Re: [PATCH] kernel: introduce prctl(PR_LOG_UACCESS)

From: Peter Collingbourne
Date: Fri Sep 24 2021 - 17:50:21 EST

On Wed, Sep 22, 2021 at 8:59 AM Jann Horn <jannh@xxxxxxxxxx> wrote:
> On Wed, Sep 22, 2021 at 5:30 PM Kees Cook <keescook@xxxxxxxxxxxx> wrote:
> > On Wed, Sep 22, 2021 at 09:23:10AM -0500, Eric W. Biederman wrote:
> > > Peter Collingbourne <pcc@xxxxxxxxxx> writes:
> > >
> > > > This patch introduces a kernel feature known as uaccess logging.
> > > > With uaccess logging, the userspace program passes the address and size
> > > > of a so-called uaccess buffer to the kernel via a prctl(). The prctl()
> > > > is a request for the kernel to log any uaccesses made during the next
> > > > syscall to the uaccess buffer. When the next syscall returns, the address
> > > > one past the end of the logged uaccess buffer entries is written to the
> > > > location specified by the third argument to the prctl(). In this way,
> > > > the userspace program may enumerate the uaccesses logged to the access
> > > > buffer to determine which accesses occurred.
> > > > [...]
> > > > 3) Kernel fuzzing. We may use the list of reported kernel accesses to
> > > > guide a kernel fuzzing tool such as syzkaller (so that it knows which
> > > > parts of user memory to fuzz), as an alternative to providing the tool
> > > > with a list of syscalls and their uaccesses (which again thanks to
> > > > (2) may not be accurate).
> > >
> > > How is logging the kernel's activity like this not a significant
> > > information leak? How is this safe for unprivileged users?
> >
> > This does result in userspace being able to "watch" the kernel progress
> > through a syscall. I'd say it's less dangerous than userfaultfd, but
> > still worrisome. (And userfaultfd is normally disabled[1] for unprivileged
> > users trying to interpose the kernel accessing user memory.)
> >
> > Regardless, this is a pretty useful tool for this kind of fuzzing.
> > Perhaps the timing exposure could be mitigated by having the kernel
> > collect the record in a separate kernel-allocated buffer and flush the
> > results to userspace at syscall exit? (This would solve the
> > copy_to_user() recursion issue too.)

Seems reasonable. I suppose that in terms of timing information we're
already (unavoidably) exposing how long the syscall took overall, and
we probably shouldn't deliberately expose more than that.

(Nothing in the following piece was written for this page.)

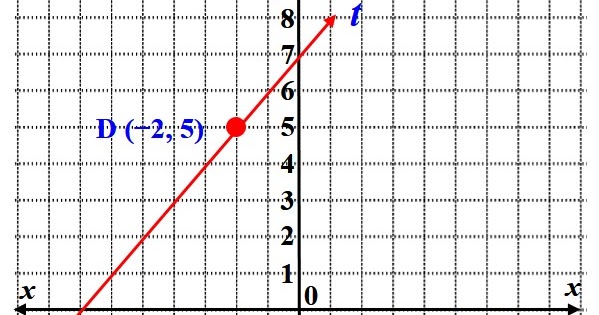 Kunci Jawaban] Gambarlah garis t yang melalui titik D(-2, 5) yang tidak  tegak lurus terhadap sumbu-x dan tidak tegak lurus terhadap sumbu-y! ~ ROFA  Education Centre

That being said, I'm wondering if that has security implications on
its own if it's then possible for userspace to manipulate the kernel
into allocating a large buffer (either at prctl() time or as a result
of getting the kernel to do a large number of uaccesses). Perhaps it
can be mitigated by limiting the size of the uaccess buffer provided
at prctl() time.

> Other than what Kees has already said, the only security concern I
> have with that patch should be trivial to fix: If the ->uaccess_buffer
> machinery writes to current's memory, it must be reset during
> execve(), before switching to the new mm, to prevent the old task from
> causing the kernel to scribble into the new mm.

Yes, that's a good point. I'll fix that in the next version.

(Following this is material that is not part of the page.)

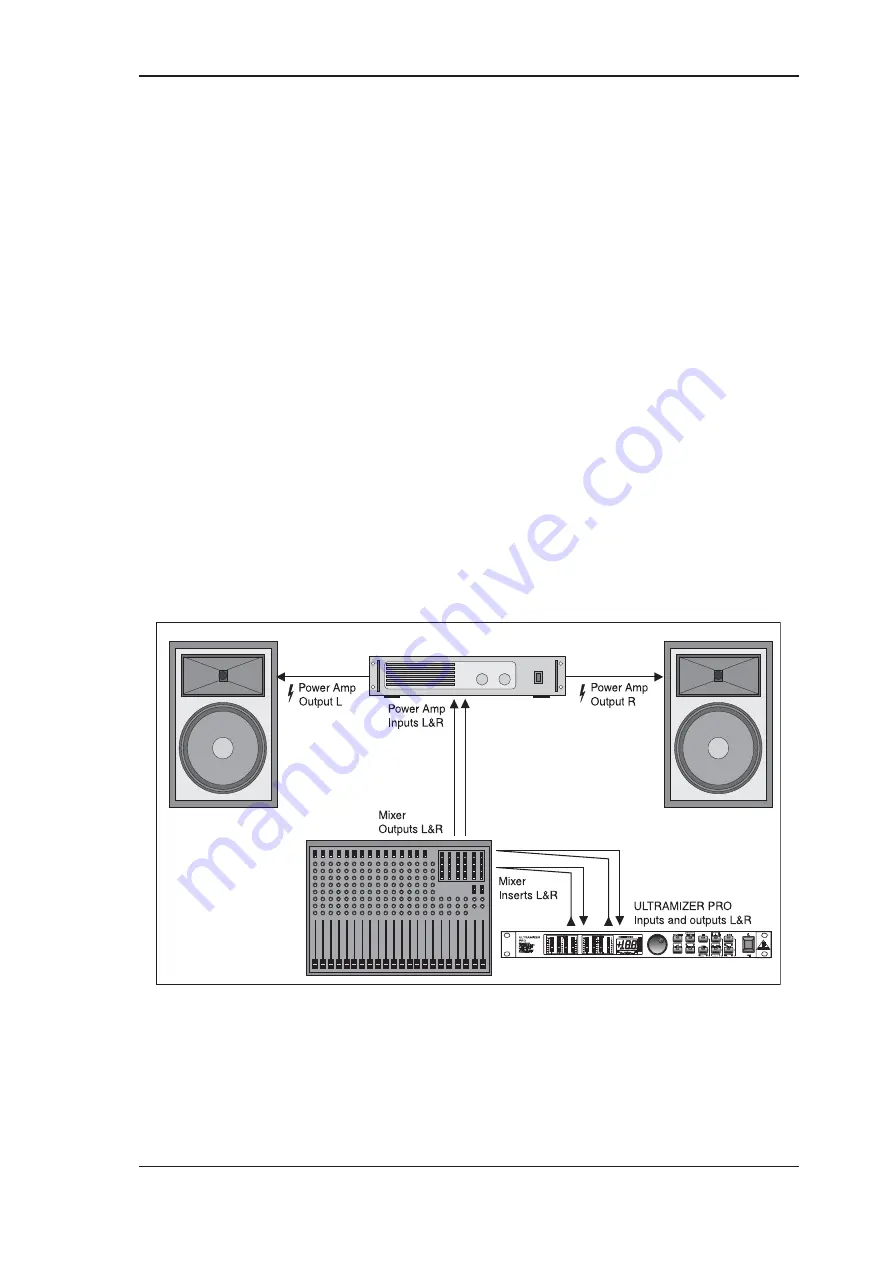 Behringer ULTRAMIZER PRO DSP1424P User Manual Download Page 19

> One aspect that might benefit from some clarification on intended
> behavior is: what should happen if there are BPF tracing programs
> running (possibly as part of some kind of system-wide profiling or
> such) that poke around in userspace memory with BPF's uaccess helpers
> (especially "bpf_copy_from_user")?

I think we should probably be ignoring those accesses, since we cannot
know a priori whether the accesses are directly associated with the
syscall or not, and this is after all a best-effort mechanism.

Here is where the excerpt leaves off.